Un assassinat politique à l'arme chimique en guise de message

Si ces récits concordants ne peuvent être formellement confirmés, un événement récent est venu appuyer l’avancée du régime sur le développement des armes chimiques. Le 13 février dernier, le demi-frère dissident de Kim Jong-un, Kim Jong-nam, a été assassiné à l’aéroport de Kuala-Lumpur (Malaisie). Selon les autorités malaisiennes, le meurtre, imputé aux services secrets nord-coréens, a été réalisé à l’aide de gaz VX, un neurotoxique dix fois plus puissant que le gaz sarin et classé comme arme de destruction massive.
Kim Jong-nam (à gauche), demi-frère de Kim Jong-un (à droite).(AFP/Toshifumi Kitamura/Ed Jones)
«Le fait qu’il ait été tué de cette manière, en plein centre d’un terminal parmi les plus fréquentés d’Asie, devant des caméras de surveillance, c’est un message», estime Olivier Guillard, chercheur associé à l’Institut des relations internationales et stratégiques (Iris), spécialiste de l’Asie. «D’abord pour signifier aux opposants politiques que Pyongyang peut agir aussi bien sur son propre territoire qu’à l’étranger, ensuite pour montrer qu’il possède cet agent neurotoxique, qu’il le maîtrise et qu’il peut potentiellement s’en servir d’une manière industrielle.»
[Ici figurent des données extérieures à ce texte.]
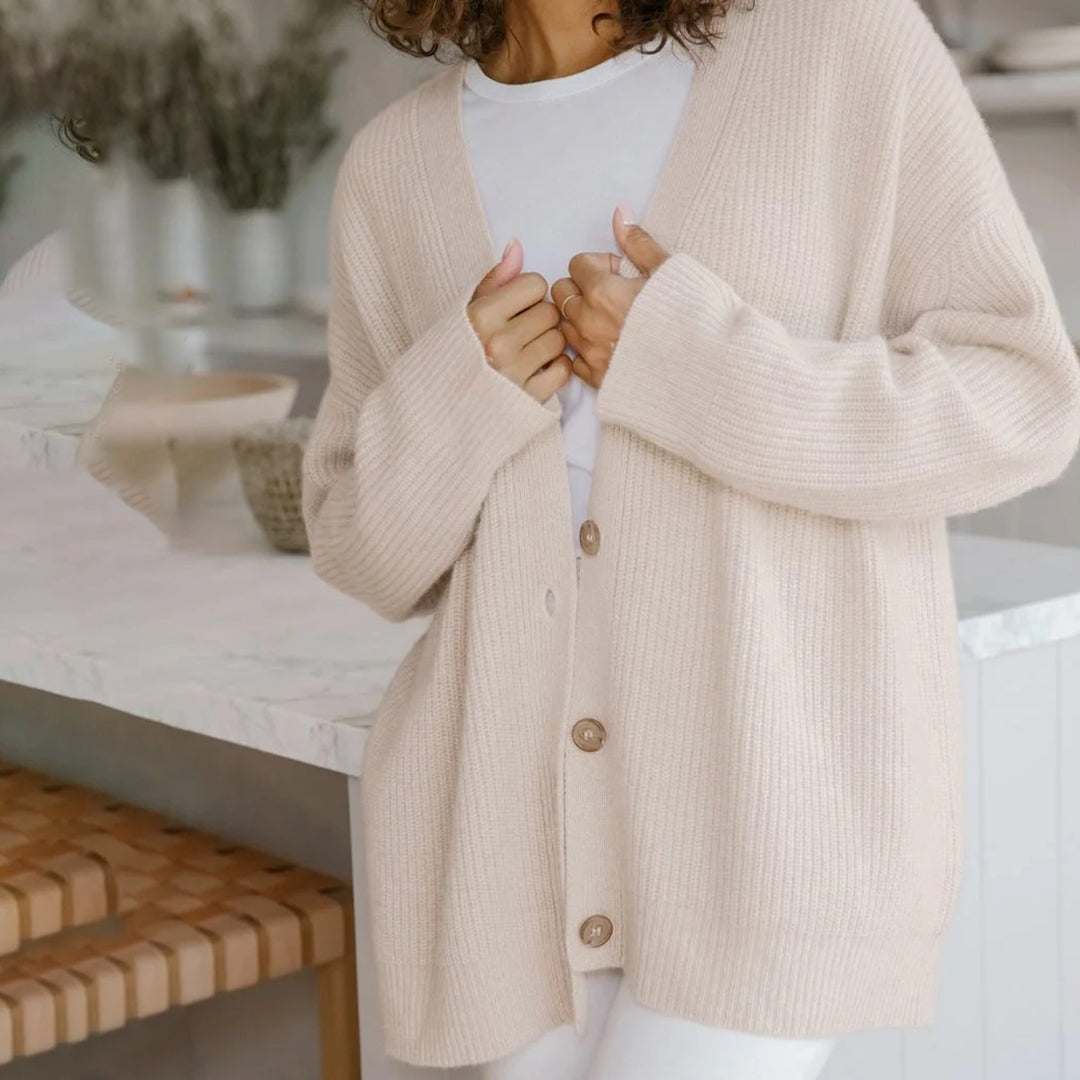 Fall fashion women's oversized cardigan, soft, warm, and chic for daily wear.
L’arsenal balistique pour frapper ses voisins

La crainte d’une attaque chimique exprimée par le Japon est d’autant plus crédible que Kim Jong-un possède les moyens techniques de frapper ses plus proches voisins. «Aujourd’hui, la Corée du Nord a au moins trois types de missiles viables et capable d’atteindre toute la péninsule coréenne et tout l’archipel nippon, précise Olivier Guillard. Deux des trois ennemis mortels de la Corée du Nord sont à portée de tir à 100%.»
Et les agents chimiques sont bien plus aisés à intégrer dans une ogive qu’une arme nucléaire, dont la miniaturisation représente un premier défi très délicat à relever. «Les technologies pour développer un missile ou un obus chimiques sont relativement simples, confirme Olivier Lepick. En utilisant des engins de courte ou moyenne portée, il est possible d’aller délivrer les agents chimiques à des distances relativement importantes.»